[Records excerpted from a collection]
· · · · ·

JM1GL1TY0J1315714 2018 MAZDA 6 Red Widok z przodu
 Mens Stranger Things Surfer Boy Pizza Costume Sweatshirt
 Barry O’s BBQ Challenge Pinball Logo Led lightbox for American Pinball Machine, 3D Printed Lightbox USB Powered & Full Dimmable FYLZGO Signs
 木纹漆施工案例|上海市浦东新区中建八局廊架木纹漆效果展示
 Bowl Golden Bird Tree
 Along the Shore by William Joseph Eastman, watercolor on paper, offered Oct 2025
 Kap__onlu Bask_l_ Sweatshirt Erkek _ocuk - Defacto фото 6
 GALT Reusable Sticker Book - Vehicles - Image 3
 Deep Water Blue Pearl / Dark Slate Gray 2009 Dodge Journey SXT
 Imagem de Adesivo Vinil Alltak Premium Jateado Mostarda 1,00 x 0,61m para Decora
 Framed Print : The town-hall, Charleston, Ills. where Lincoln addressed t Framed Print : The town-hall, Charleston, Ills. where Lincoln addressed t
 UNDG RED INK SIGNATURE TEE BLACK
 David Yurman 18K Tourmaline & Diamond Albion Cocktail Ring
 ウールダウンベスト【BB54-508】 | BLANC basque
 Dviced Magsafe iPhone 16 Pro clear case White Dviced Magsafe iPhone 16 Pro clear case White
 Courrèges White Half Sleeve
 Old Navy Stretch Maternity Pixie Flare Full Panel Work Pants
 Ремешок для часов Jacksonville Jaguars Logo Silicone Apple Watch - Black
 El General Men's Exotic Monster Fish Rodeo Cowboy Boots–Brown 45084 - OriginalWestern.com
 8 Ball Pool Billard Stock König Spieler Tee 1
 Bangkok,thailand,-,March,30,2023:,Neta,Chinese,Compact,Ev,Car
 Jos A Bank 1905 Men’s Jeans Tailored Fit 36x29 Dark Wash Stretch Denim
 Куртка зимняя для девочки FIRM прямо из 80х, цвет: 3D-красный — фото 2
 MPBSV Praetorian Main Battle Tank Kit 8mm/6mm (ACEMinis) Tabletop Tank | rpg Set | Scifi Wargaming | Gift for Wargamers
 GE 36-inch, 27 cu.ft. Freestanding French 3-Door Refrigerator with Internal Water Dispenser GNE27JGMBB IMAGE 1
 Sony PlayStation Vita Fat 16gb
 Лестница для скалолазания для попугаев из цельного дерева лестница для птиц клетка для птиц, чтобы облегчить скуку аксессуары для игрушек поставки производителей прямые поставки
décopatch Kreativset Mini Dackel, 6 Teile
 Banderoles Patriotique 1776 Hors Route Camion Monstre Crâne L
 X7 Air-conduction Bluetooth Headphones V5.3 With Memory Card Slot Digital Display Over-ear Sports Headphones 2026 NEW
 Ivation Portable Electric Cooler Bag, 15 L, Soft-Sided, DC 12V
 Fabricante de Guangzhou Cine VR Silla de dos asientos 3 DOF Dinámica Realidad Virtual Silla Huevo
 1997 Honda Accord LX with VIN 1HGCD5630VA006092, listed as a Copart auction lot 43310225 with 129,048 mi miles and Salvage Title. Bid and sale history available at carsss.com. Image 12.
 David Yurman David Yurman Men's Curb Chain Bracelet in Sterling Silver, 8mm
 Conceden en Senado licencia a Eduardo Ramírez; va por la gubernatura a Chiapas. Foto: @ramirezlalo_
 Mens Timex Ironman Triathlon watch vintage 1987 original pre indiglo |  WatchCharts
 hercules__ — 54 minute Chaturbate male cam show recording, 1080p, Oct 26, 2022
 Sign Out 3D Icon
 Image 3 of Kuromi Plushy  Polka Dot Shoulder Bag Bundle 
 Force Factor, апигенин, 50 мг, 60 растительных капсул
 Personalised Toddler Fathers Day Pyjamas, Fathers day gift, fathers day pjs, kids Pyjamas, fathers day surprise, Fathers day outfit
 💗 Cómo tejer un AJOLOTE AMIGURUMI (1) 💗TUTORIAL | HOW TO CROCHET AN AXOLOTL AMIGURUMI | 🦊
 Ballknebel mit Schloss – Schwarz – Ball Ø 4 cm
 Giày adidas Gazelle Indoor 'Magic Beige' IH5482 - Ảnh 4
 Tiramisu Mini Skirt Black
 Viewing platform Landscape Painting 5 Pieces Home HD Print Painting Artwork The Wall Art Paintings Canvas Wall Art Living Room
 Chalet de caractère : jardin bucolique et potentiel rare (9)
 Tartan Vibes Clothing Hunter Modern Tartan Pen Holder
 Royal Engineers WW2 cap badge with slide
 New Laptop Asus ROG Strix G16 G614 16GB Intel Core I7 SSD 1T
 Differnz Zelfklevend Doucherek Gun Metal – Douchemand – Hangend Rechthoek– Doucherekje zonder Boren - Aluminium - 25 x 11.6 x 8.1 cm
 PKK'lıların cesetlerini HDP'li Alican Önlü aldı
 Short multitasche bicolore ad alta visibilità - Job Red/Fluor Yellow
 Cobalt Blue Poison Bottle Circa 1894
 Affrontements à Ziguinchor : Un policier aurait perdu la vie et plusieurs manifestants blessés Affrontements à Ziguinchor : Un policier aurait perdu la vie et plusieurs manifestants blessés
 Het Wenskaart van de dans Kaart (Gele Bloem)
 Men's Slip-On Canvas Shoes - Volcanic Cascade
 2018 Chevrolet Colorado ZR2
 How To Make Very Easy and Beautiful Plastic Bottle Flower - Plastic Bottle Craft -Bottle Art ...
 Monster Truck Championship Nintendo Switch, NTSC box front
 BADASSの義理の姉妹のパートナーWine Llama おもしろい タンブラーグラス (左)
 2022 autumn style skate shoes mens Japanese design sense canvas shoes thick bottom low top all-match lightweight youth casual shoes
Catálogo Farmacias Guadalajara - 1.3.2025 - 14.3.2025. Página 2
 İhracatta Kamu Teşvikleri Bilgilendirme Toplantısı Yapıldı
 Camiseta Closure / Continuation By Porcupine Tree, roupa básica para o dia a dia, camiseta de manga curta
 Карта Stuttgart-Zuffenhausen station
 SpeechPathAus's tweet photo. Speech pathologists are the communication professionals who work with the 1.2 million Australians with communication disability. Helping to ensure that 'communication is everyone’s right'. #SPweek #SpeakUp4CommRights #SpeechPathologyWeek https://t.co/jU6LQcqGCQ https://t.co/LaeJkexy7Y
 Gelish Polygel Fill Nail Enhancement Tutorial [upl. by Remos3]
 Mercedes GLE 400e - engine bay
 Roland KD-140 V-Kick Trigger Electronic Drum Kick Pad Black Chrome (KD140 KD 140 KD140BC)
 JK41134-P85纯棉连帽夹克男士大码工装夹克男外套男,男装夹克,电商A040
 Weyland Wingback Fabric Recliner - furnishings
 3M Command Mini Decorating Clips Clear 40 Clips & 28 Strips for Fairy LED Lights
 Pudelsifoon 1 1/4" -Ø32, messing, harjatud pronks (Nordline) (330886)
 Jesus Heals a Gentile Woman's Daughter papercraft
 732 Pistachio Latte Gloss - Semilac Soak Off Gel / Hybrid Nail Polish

· · · · ·

- [YOUR INSTRUCTIONS] Some lines in the data above hold the string "White". Find and copy each of them.

- [SOLVED PROBLEM]
 Dviced Magsafe iPhone 16 Pro clear case White Dviced Magsafe iPhone 16 Pro clear case White
 Courrèges White Half Sleeve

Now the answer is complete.